The Council and its partners were first able to obtain state funding in 2003 through the state Environmental Protection Fund. Initially $150,000 was designated for urban and community forestry programs in localities with populations of 65,000 or more.
To press the case for forestry expenditures, Council representatives held a series of meetings with state officials, politicians and members of other non-profit organizations. In 2004, the Council sent surveys to every city and township and most villages throughout the state asking them to detail their tree needs. This survey documented a need for $13 million in urban and community forestry funds. This information helped the Council increase the amount of funds earmarked for these programs.
BACKGROUND
In 1991, the federal Farm Bill substantially increased the amount of federal funds available for urban and community forestry programs delivered by the U.S. Forest Service from about $2 to $21 million. Agency guidelines for implementing the program required that any state receiving funds form an advisory council to make recommendations.
The New York State Urban and Community Forestry Council was established in 1991 as the state’s advisory body. In 2000, the Council became an independent 501(c)(3) nonprofit organization with a mission of planting as many trees as possible in communities throughout the state. The Council currently has two contract staff positions – one for administrative and financial issues and one for programmatic and advocacy matters – and is governed by a 36-member board.
One of the Council’s major goals is to provide an opportunity for networking among its member organizations and partners. Another goal is to promote best management practices for urban forestry through educational efforts.
The council holds an annual statewide urban forest conference in July and produces a statewide newsletter three times a year. It also serves as the advisory group to the state Department of Environmental Conservation (DEC) program for use of federal urban forestry monies.
The Council has been active in advocating for the increase of federal funding for urban and community forestry. Working both on its own and in conjunction with other national and local groups, the Council is supporting a campaign to have federal funding for these programs raised to $50 million.
Several years ago the Council decided it was also important to increase state financing of urban and community forestry programs. While federal funding is important, federal funds cannot address all the needs of the state.
COMPONENTS
Finding and developing powerful partners
Once the Council decided to seek state funding for urban and community forestry, it needed to determine where budget decisions are made and which groups are influential in the process.
In New York State, funds for urban and community forestry are administered by DEC. Several environmental groups in the state are very powerful in determining what priorities get funded through DEC’s Environmental Protection Fund. Two particularly strong advocacy groups are the Sierra Club of New York and Environmental Advocates of New York.
The Council’s first step was to meet with these groups and educate them on how seeking funds for urban and community forestry also would advance their goals. This educational process took between three and four years. These environmental organizations were more familiar with rural land issues and were not aware of the needs of urban areas.

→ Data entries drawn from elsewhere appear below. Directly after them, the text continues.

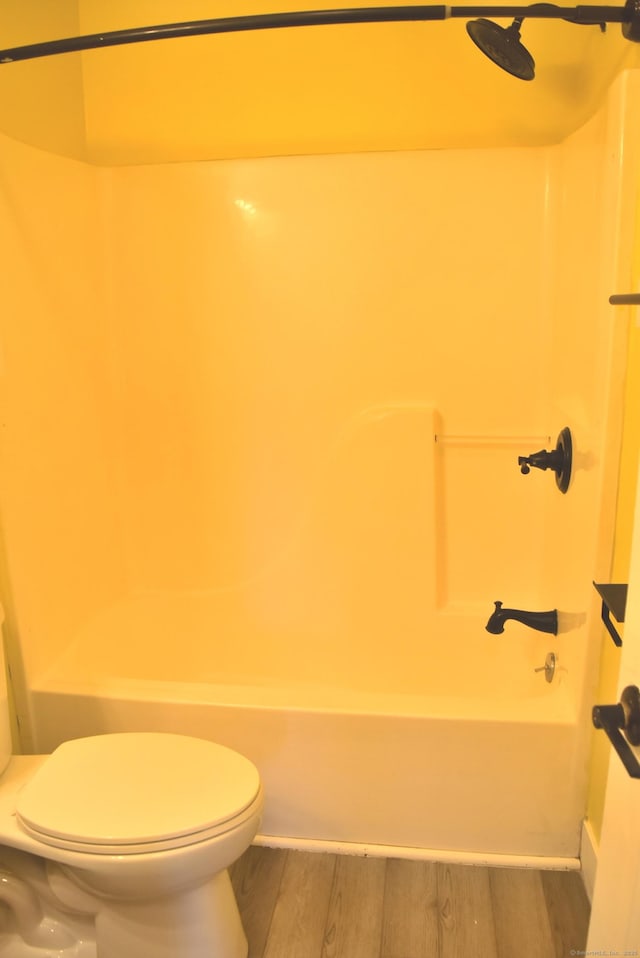 34 Joliet Ct, Groton, CT 06340 - full bathroom with wood finished floors, toilet, shower / bath combination, and baseboards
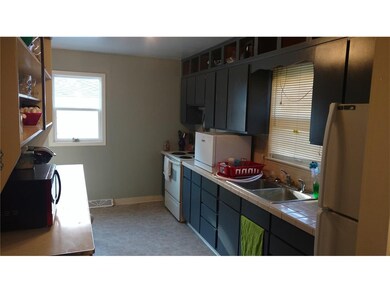 Plenty of cabinet space in the kitchen, where all 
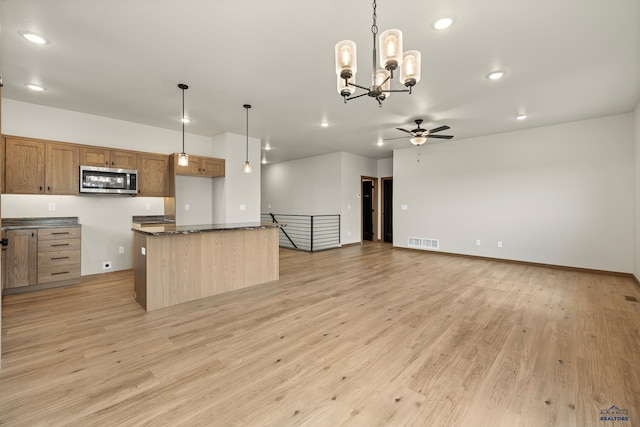 kitchen with ceiling fan with notable chandelier, a kitchen island, hanging light fixtures, and light wood-type flooring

It took time to build a relationship and to identify the common goals shared with urban stakeholders.
Over this period, the Council did extensive networking and allied itself with other strong advocacy partners, including the Environmental Justice Alliance and the New York State Council of Mayors.
Through these partnerships, the Council was able to obtain budget support for urban and community forestry in New York State’s Environmental Protection Fund in 2003. Initial funding was for $150,000. Although this was a small amount of money, it was a significant success for the state urban and community forestry program as it was now “on the list” for programs that would be typically funded. The Council was told that once a program is “on the list,” it tends to stay there.
Documenting the need
As a result of talking to lawmakers and policy advocates, the Council recognized that it needed better information to illustrate the statewide need for the urban and community forestry program.

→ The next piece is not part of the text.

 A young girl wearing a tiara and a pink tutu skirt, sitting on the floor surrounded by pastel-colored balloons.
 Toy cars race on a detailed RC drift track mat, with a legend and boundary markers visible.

The Council’s 2004 state survey of every city and township demonstrated a need for at least $13 million for local urban and community forestry programs. This was a very conservative figure because not all of the communities responded. With this information, the Council asked the governor’s office and the appropriate legislative committees for an increase in funds. The data proved very powerful and expenditures were increased to $500,000 in both 2005 and 2006.
The Council plans to improve upon this survey, updating information and seeking a higher response from communities. Although this is an extremely time-consuming task, the Council says that having specific data is key to making its case to decision-makers. Once legislators see their constituencies articulating a particular need, the issue becomes clearer to them.
Where do the funds go?
The first appropriation of $150,000 in 2003 went directly to the DEC, which then offered competitive grants to communities with populations of 65,000 and more. There was no funding in 2004. When the amount was raised to $500,000 in 2005 and 2006, competitive grant funds were split into two equal pots – one for communities of 65,000 or more and the other for any community in the state.
RESULTS
Urban and community forestry is now regularly funded by New York State’s Environmental Protection Fund. Initial funding was in 2003. This amount was increased to $500,000 in both 2005 and 2006.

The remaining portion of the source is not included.